Рассказывают, что на Руси у бояр были шуты, шпыни, балагуры… Наверное, так, потому что сами видели шутов на лагпунктах. В одном из соседних бараков, где проживал нарядчик, при нем в этом амплуа состоял свихнувшийся троцкист тридцать седьмого года Рувим. Хриплым голосом он пел, верней, выкрикивал фашистский гимн «Хорст Вессель», при этом у него как-то дергались и выпучивались глаза. За это его содержали при особе нарядчика. Видимо, дело не в деньгах, а во власти над человеком.
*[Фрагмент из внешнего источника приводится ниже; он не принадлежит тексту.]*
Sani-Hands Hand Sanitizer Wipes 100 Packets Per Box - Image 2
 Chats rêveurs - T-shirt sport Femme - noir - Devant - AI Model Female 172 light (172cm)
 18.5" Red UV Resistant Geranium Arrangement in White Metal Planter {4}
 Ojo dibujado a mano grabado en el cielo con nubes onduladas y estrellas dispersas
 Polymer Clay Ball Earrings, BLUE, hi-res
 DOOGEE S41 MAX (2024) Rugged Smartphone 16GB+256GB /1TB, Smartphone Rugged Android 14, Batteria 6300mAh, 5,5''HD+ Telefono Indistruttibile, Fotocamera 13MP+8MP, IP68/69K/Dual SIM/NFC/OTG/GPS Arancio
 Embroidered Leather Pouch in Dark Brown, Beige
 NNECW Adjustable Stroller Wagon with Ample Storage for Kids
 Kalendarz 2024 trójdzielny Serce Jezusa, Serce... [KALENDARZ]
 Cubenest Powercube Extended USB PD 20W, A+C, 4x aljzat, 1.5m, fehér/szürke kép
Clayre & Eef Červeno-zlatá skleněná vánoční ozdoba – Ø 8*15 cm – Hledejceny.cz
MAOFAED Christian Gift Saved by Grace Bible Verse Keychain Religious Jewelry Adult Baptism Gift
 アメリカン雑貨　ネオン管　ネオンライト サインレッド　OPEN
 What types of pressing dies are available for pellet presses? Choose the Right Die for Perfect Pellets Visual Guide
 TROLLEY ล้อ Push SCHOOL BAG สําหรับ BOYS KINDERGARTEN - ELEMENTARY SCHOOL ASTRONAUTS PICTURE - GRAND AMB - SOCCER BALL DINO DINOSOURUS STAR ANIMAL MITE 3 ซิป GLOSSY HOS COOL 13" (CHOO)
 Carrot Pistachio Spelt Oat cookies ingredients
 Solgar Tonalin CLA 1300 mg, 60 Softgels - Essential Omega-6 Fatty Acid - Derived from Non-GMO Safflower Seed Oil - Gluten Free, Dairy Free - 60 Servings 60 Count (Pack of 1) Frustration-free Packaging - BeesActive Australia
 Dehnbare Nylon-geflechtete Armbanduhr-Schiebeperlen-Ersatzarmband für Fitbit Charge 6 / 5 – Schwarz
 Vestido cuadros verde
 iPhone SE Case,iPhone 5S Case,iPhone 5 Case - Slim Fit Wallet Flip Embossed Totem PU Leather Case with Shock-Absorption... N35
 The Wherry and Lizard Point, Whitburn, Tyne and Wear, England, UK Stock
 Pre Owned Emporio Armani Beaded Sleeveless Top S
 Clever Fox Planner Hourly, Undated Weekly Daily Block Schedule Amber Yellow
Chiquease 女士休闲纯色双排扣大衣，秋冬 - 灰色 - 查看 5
Рувим свихнулся во время одного из расстрелов на Воркуте. Их постоянно производили в старых, заброшенных каменоломнях за городом по мере оформления лагерных дел, выпекаемых оперативно-чекистским отделом. В конце войны карательная команда была укомплектована какими-то белобрысыми, низкорослыми, совсем юными и слабосильными птенцами. Побывавшие под следствием и получившие новые сроки зэки, вернувшись на лагпункты, рассказывали, как эти парни, сами чуть не плача, наваливались все вместе на одного здоровенного бандита, с трудом его вязали и увозили. Ходили слухи, что это были дети чекистов, которым родители сумели заменить фронт безопасной работой палача… Устроили им «производственную практику»…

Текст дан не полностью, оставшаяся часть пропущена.